[Data items]
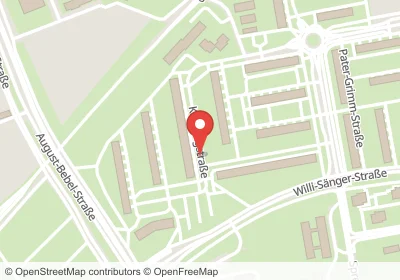 Kreyssigstraße Brandenburg – Hotels in der Nähe Hotels an der Kreyssigstraße in Brandenburg – Unterkünfte, Pensionen und Ferienwohnungen in zentraler Lage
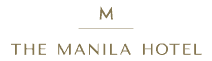 The Manila Hotel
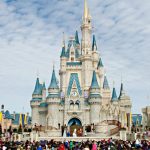 Sell Disney Points Today And Learn How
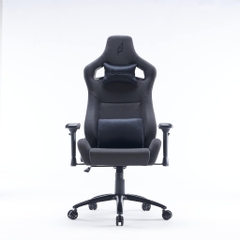Ghế Fresh Plus Gaming Chair - EGC230 Plus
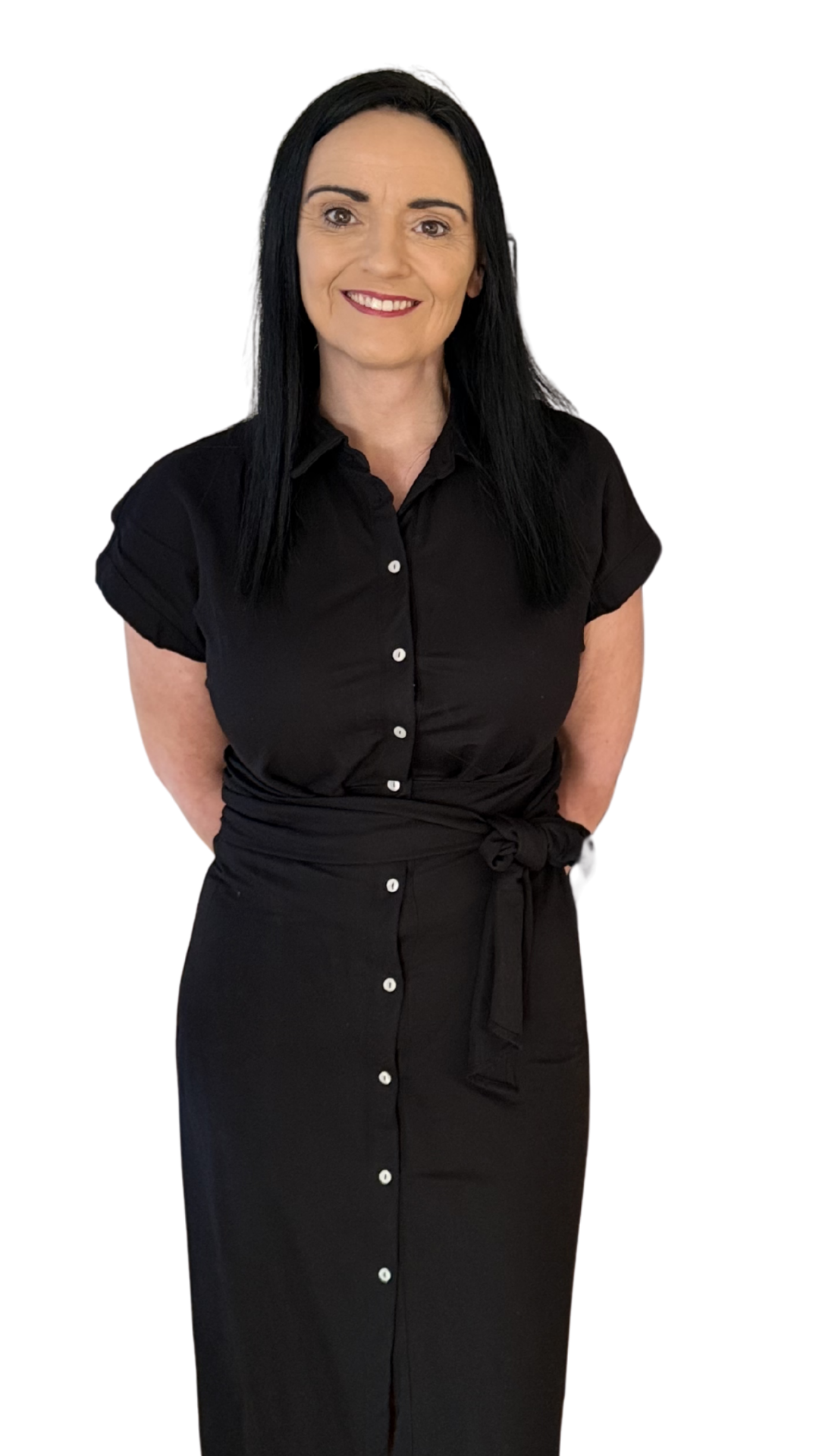 Veldu þig í vor vinnustofa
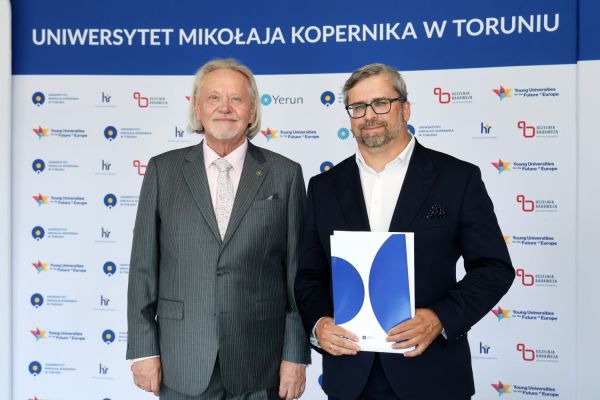  [fot. Andrzej Romański] Kliknij, aby powiększyć zdjęcie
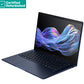RENEW SILVER HP EliteBook X G1i AI 14 - Ultra 7-258V, 32GB, 1TB SSD, 14 WUXGA Privacy Touch AG, WWAN-ready, FPR, Nordic backlit keyboard, Atmospheric Blue, 68Wh, Win 11 Pro, 1 years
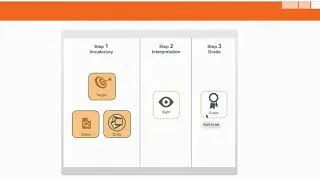 Thumbnail: Court Interpreter Training: Sight Translation Labs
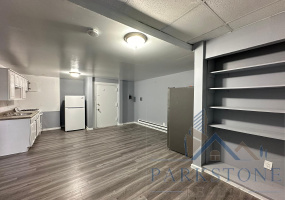 203 48th Street, Unit #4E, Union City, New Jersey 07087, 1 Bedroom Bedrooms, ,1 BathroomBathrooms,Apartment,For Rent,48th,5201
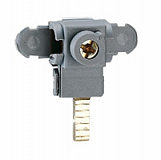 Legrand: 404905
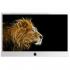 Loewe Connect ID 55 DR+ 52465U34 White+White Телевизоры инструкция, поддержка, форум, описание, мануал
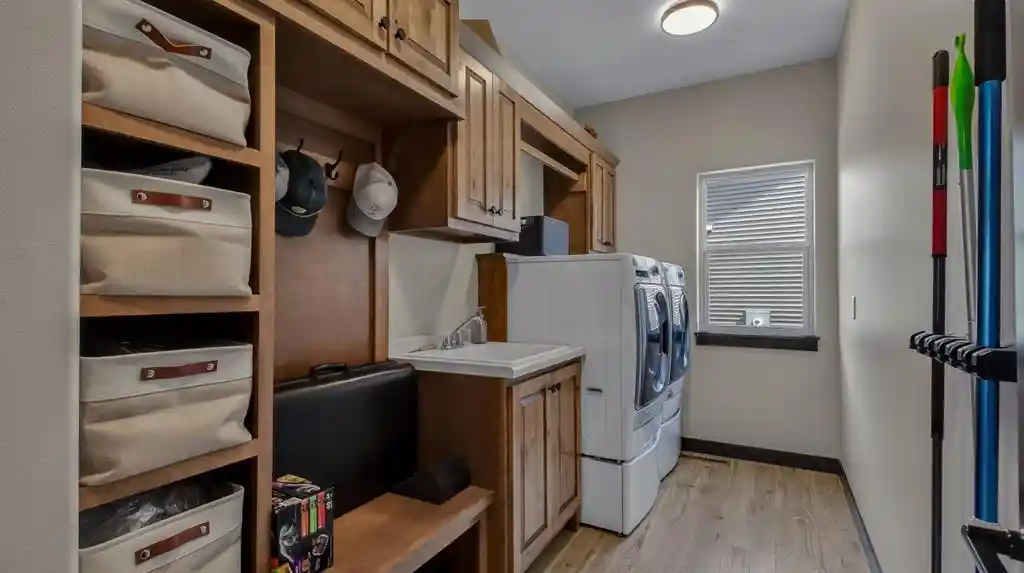 5th image of 4020 John Hart Pl Pl, Eau Claire, WI 54703 | MLS# 1602386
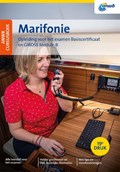 Cursusboek Marifonie | Eelco Piena | 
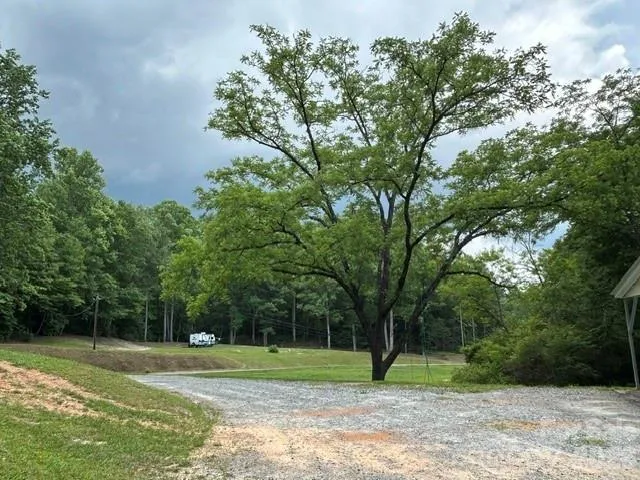 726 Israel Road Brevard, NC 28712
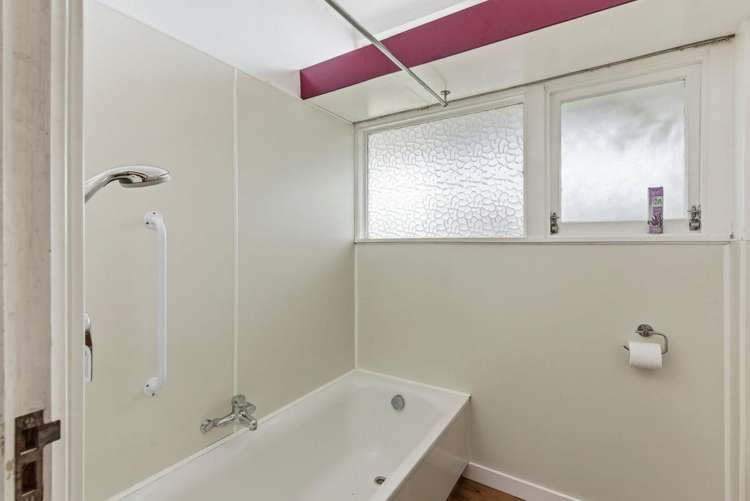 77 Aotaki Street Otaki_9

Problem to solve
The answer should consist only of the lines above from the one with "The Manila Hotel" through the one with "[fot. Andrzej Romański]", repeated exactly, with no pictures among them.

Solved problem
 The Manila Hotel
 Sell Disney Points Today And Learn How
Ghế Fresh Plus Gaming Chair - EGC230 Plus
 Veldu þig í vor vinnustofa
  [fot. Andrzej Romański] Kliknij, aby powiększyć zdjęcie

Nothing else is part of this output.